I have struggled with depression off and on most my life. It has mostly been mild and untreated. And I have learned over the years that a large portion of when it flares is my own expectations for myself getting set higher than is reasonable to achieve.
An hour ago I was crying in a heap on the bathroom floor. The culmination of still feeling like my face will explode from sinus pressure, inability to sleep, and added pregnancy stress crashing face first into the fears of needing to return to a job that doesn't pay sick days but then risks the exposure of innocent people to this illness spiraling into the fears of money and motherhood that always lie just beneath the surface for me.
Despite my best efforts to not wake my husband, because he too is suffering this head cold and also because even knowing it is a warning sign for me, I do not like people to see me cry; my husband found me. He listened to all my fears about wanting to give in to take medication but feeling it was selfish because of the child growing inside me. He listened as I cried that my Grandpa would know what to do and the over two-year-old wound that still misses him and understood. And he listened to my fears of falling short as a mom and as a co-provider. And he listened as I told him in all honesty that I knew I was sinking into the dark because I could not think of the gratitude that is my anchor.

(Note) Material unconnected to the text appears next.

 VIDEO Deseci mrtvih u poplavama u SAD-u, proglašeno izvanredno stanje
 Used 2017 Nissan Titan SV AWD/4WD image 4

Then he reminded me to look for the truth. He reminded me to find the perspective that none of us are perfect. He reminded me that medicine was there for a purpose and that there are times it is needed. He reminded me of all the things I do right as a mom and as a co-provider. He was my rock and provided me the foundation to sit back up from the rubble.
There are times gratitude is hard. There are times that even practicing gratitude for nearly a decade, I stumble. Sometimes I can get back to my feet on my own and sometimes I need help to see it again. I pray that each and every one of you has someone on your team for the days you need a hand back up. I pray that when that isn't readily available, at least maybe this blog will help you find some gratitude again.

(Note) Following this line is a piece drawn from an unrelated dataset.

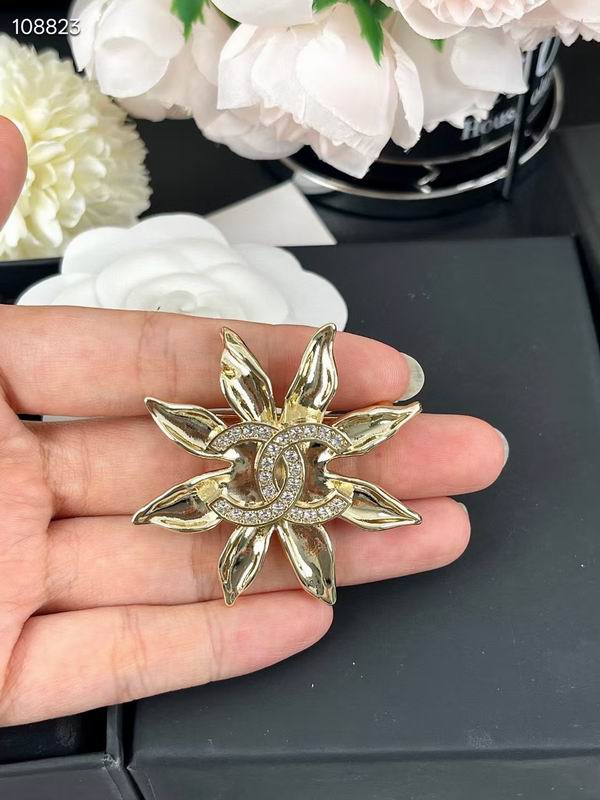 Chanel Brooch 06yxh01 (5)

Life is not a bubble that hands us everything we ask for or even everything we need. So gratitude cannot life in that perfect bubble either or it fails us. Gratitude needs to be in even the messiest parts of our life so that it can be there when we stumble and be the light when the ashes are still falling. And sometimes we need help to regain that perspective.
I'm humbly grateful this morning for my husband. I'm grateful for all we have been through that has made us a stronger team. I'm grateful for these quiet moments of connection as we hold hands and stand back up. I'm grateful for a gratitude practice that is honest, raw, and real. I'm grateful to not be on a pedestal and to remember to keep my own self-standards in check. I'm grateful to be a hand in the dark to those who need it just as I am grateful for every hand that has helped me back out of the rubble when I need it. I'm grateful to feel some ease as medicine begins to relieve some of my pain and I'm grateful to feel the welcome call of sleep.

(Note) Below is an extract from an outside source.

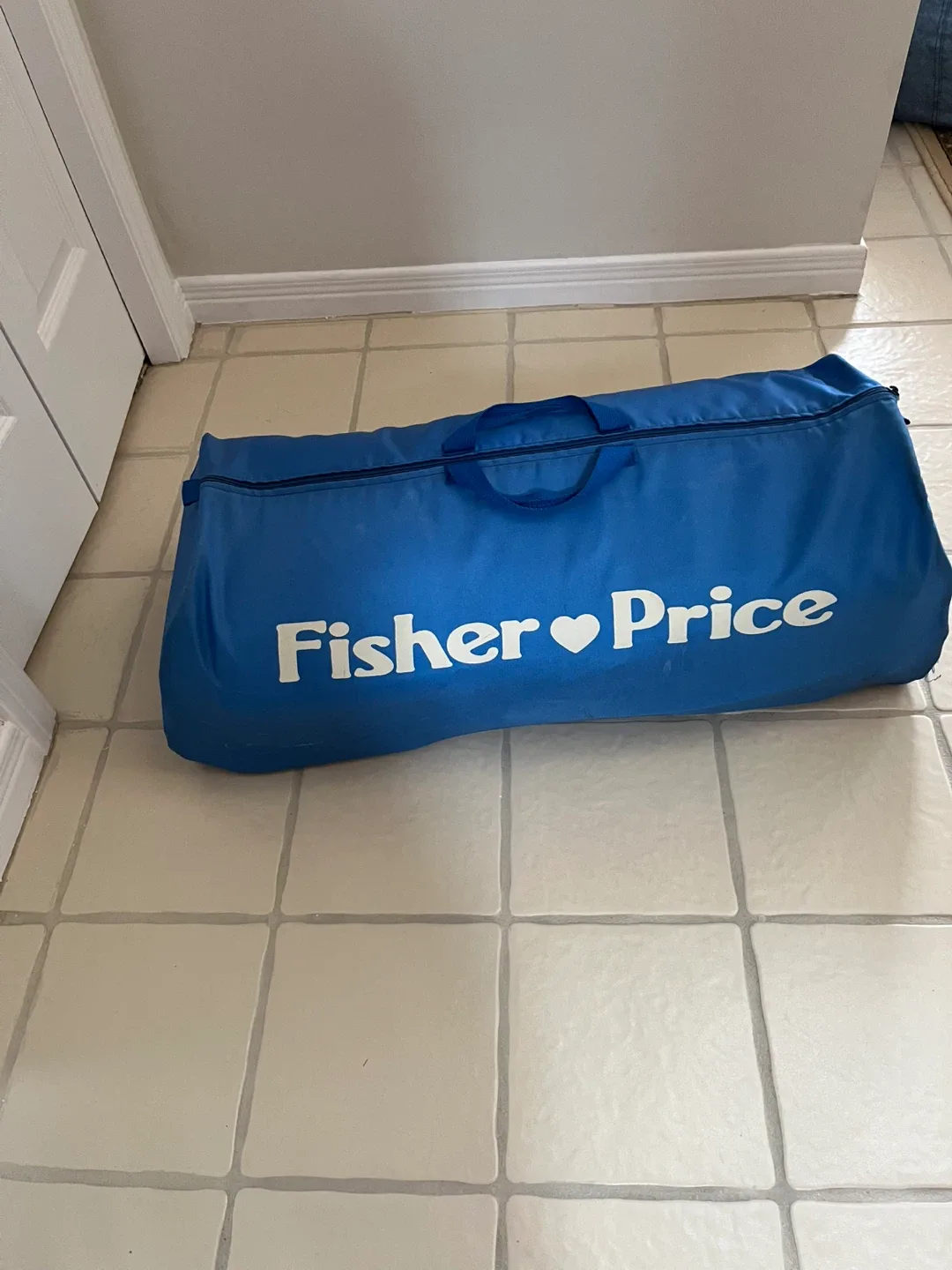 Fisher-Price Travel Crib - photo 2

What are you grateful for today? What dust can be brushed off from the challenges life has thrown you? Who is your hand in the darkness to help you back up when you stumble?
May today remind us we were not created to be gods on a pedestal but rather humans living a very real life. May we cherish every person, past, present, and future, that helps us from the rubble when things go sideways. And may we provide the same support to those who need us. May we always know we are not alone. Have a beautiful day!